Changing stock travel: Enough already!

Hey Lee,

I love reading your book and it has helped me a ton on my skills. But i
have a question.

I have an 06 Rocky Mountian Flow 1.0 which I’m looking at putting a new fork on for dj/fr/dh and i want to pack on the most travel possible … [it goes on from there] …

Thanks Brook

The more you click, the more I can post. Lee Likes Groceries dot com!


Leave your bike alone. Feel free to upgrade to a better fork, but don’t mess with the stock geometry.

Putting on a much longer fork slackens the head angle and raises the bottom bracket, which can jack up your handling. Oh, and a longer fork usually voids your frame warranty.

The people who designed your bike know more than you do. Let them spec the bike. You … just ride the dang thing.

I get this question every day. No more!

— Lee

8 replies
  1. Jesse says:

    Point well taken, especially your previous article about changing shock length. But just to play devil’s advocate…what about frames that are warranted for a range of fork lengths? I have an 06 Santa Cruz Heckler that shipped with a 130mm travel Rockshox Recon. After about 6 months I swapped the Recon for a Marzocchi All Mountain that has the same amount of travel but is about 20mm taller. There’s a noticeable difference in handling, but to me it’s a positive thing. The frame itself is warranted for anything up to 160mm travel, I think, and I see plenty of people riding Hecklers with 36s up front. The same thing seems to be true of a lot of “AM” type frames these days; they ship with 4-5″ forks, but are supposed to be able to handle 36s and the like as well.

  2. jimmy says:

    Lee has a valid point most frames have an optimal geometry for the bike to peform at it’s best. The fact that a frame may be warrantied to a longer fork just means the frame has been beefed up.

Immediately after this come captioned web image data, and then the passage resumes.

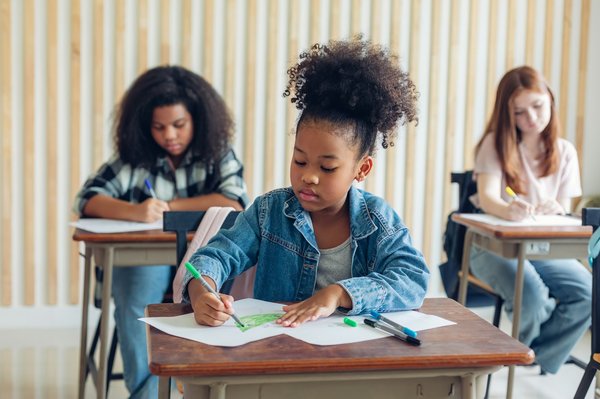 CAP AEPE à Douarnenez : deviens un professionnel de la petite enfance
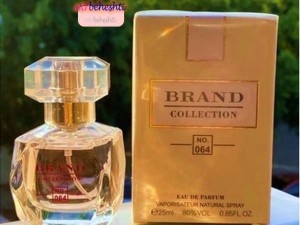 عطر الی ساب له پارفوم برند کالکشن 064 - عطر بهشتی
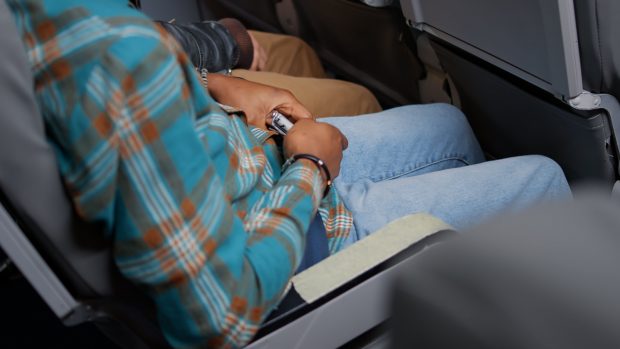 De ce turbulențele aeriene se vor înmulți: „Semnul centurii de siguranță va fi pornit mult mai des”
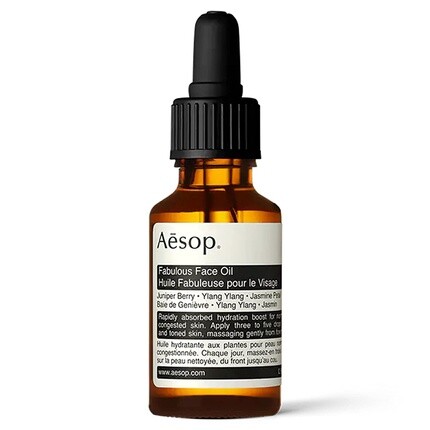 

Масло для лица Aesop Fabulous 25 мл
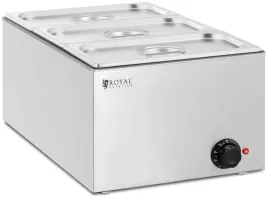 bemar-podgrzewacz-gastronomiczny-bufet-do-potraw-royal-catering-wodny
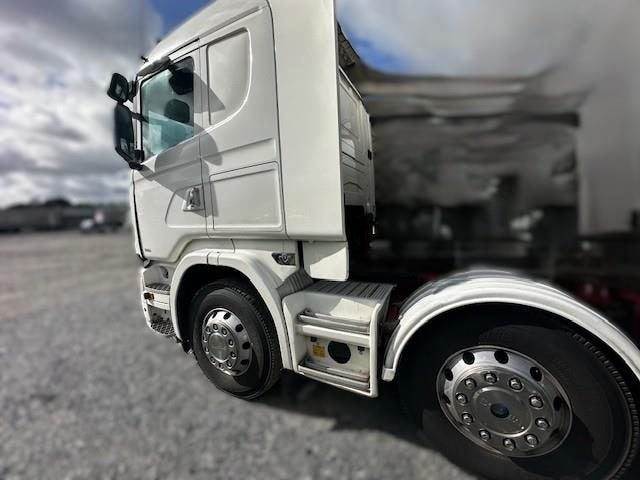 2015 Scania R620LB62863273085571113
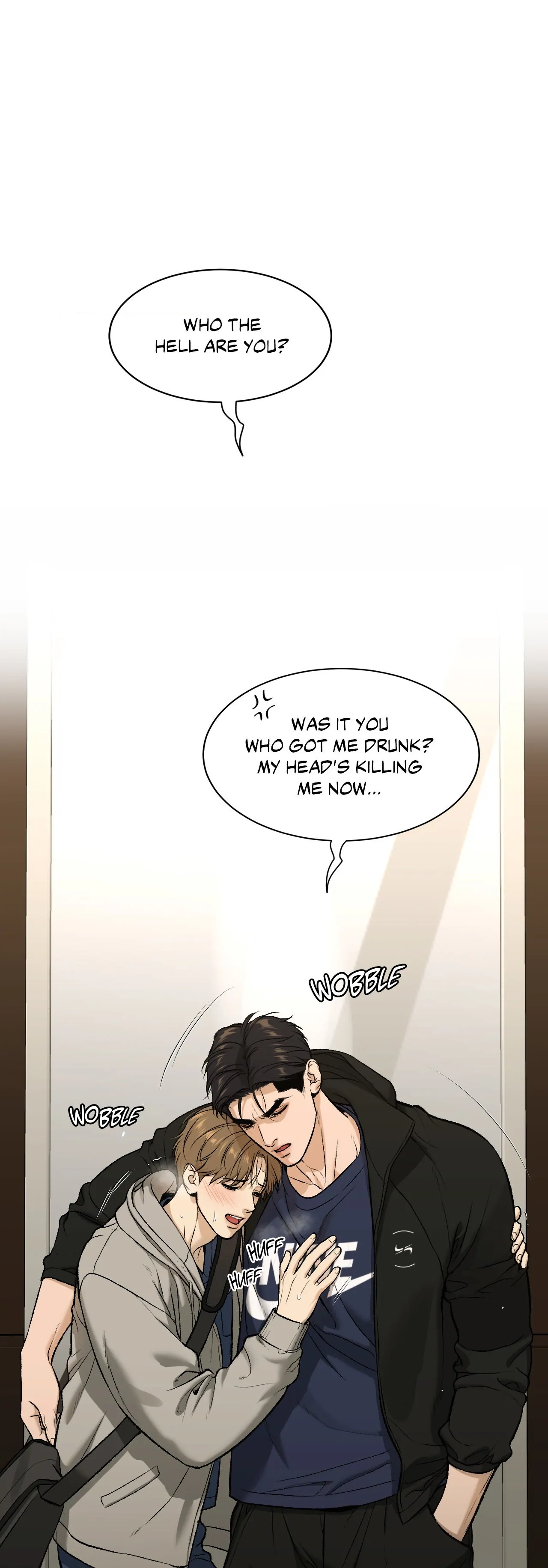 Jinx (Official) - Chapter 44 : Uncensored manhwa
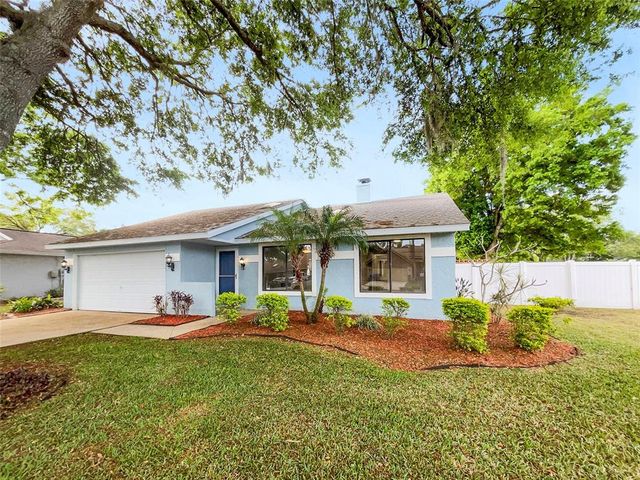 5830 Silver Moon Ave, Tampa, FL 33625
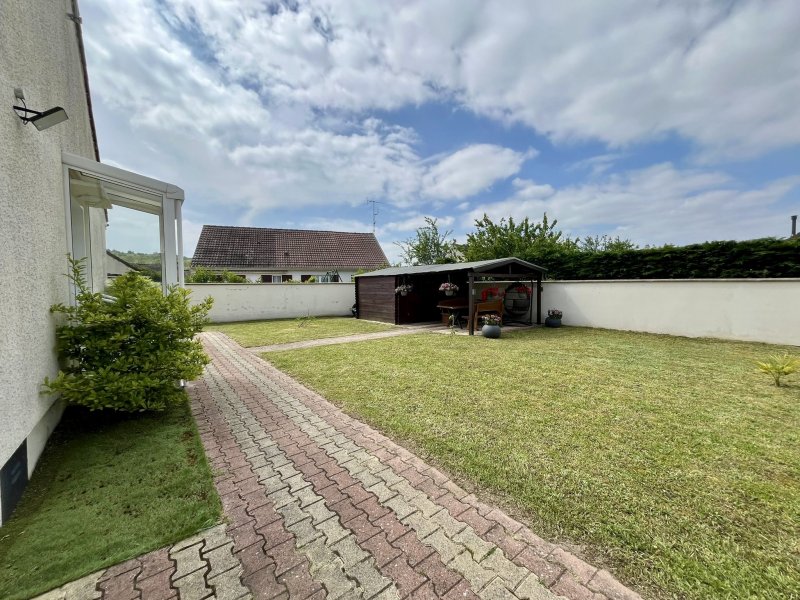 Maison à Saint-Pierre-lès-Nemours (77140) - Photo 3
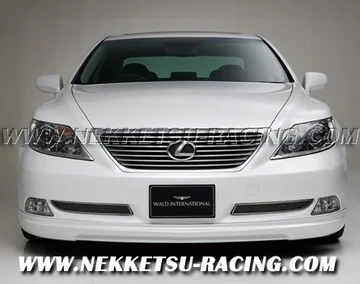 ชุดแต่ง Lexus LS 600h/460 WALD ทรง EXECUTIVE LINE Ver2. 2006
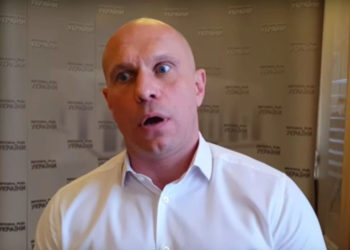 Нардеп від ОПЗЖ Кива назвав можливе вторгнення РФ в Україну “звільненням”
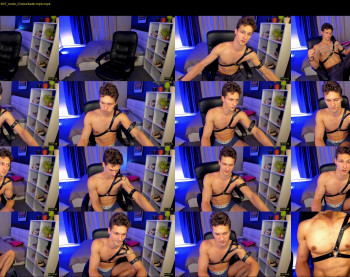 dirty_pothos — 61 minute Chaturbate male cam show recording, 720p, Sep 30, 2021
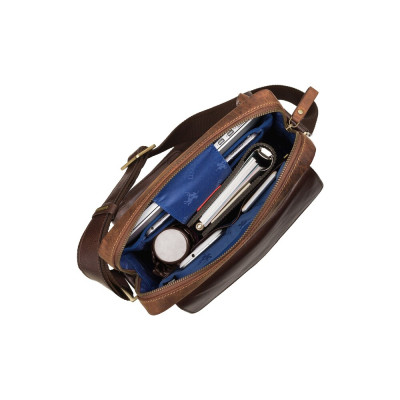 Сумка Visconti TC72 Vesper Havana Tan (TC72 TAN)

    The new Heckler published geometry is based on an axle to crown height of 511mm or a 140mm fork. You can put an 170mm and still be under warranty. I can tell the bike will handle like crap with the 170mm. The Nomad on the other hand is design around a 170mm fork and will handle great.

    Been there done that. I’ve put longer forks on the front and I have to hang over the front handlebars like a gorilla to get the bike to turn.

    If you just plan to huck the bike and the fork length is covered by warranty then handling point is moot.

  3. Clay says:

    Bad example, i know a dude who won multiple sport dh races on a heckler with a 7inch fork. The fork is going to screw things up a lot less than changing shocks in my opinion (having ridden an all mtn bike with a stupid long fork for a couple of years).

  4. Chris says:

    My Talas fork has one inch travel adjustment and the difference it makes to my 4.2 inch travel Trance is huge. Astounding. It’s like having two different bikes.

    Now, I think that adding two or three more inches of travel to the front is just crazy talk. Unless one is running a frame with 8+ inches of travel, I’d keep the front and rear within an inch of each other.

    And for DJ, less is more. You aren’t improving your bike for DJ by putting on a longer fork. Unless you are using travel as a safety net.

  5. Sean says:

    Clay, I think your example says a lot more about the guy riding the Heckler, than it does about whether the fork changed the geometry to a bad end. Or maybe it says more about the kinds of courses on which the friend won multiple sport class races. For sure it doesn’t dis-prove the wisdom of Lee’s point.

    People win on whatever bike they’re comfortable on. It’s pretty weak to say the bike is the major factor. One of many factors, yes. But not the only one. Not even the most important one.

    I agree with Lee — my experience is that over-forked bikes ride like crap compared to bikes that have a frame designed for the fork’s travel. Of course that assumes the design is a good one, resulting in a bike that works well, doesn’t present two different halves joined into one imbalanced bike.

    All other things being equal, I’d wager that sport class race winner friend of yours would have been fastest on those days even if he were on a hardtail.

  6. jimmy says:

    Actually good example. An over forked bike pointing downhill automatically shifts the weight forward so the bike will corner well.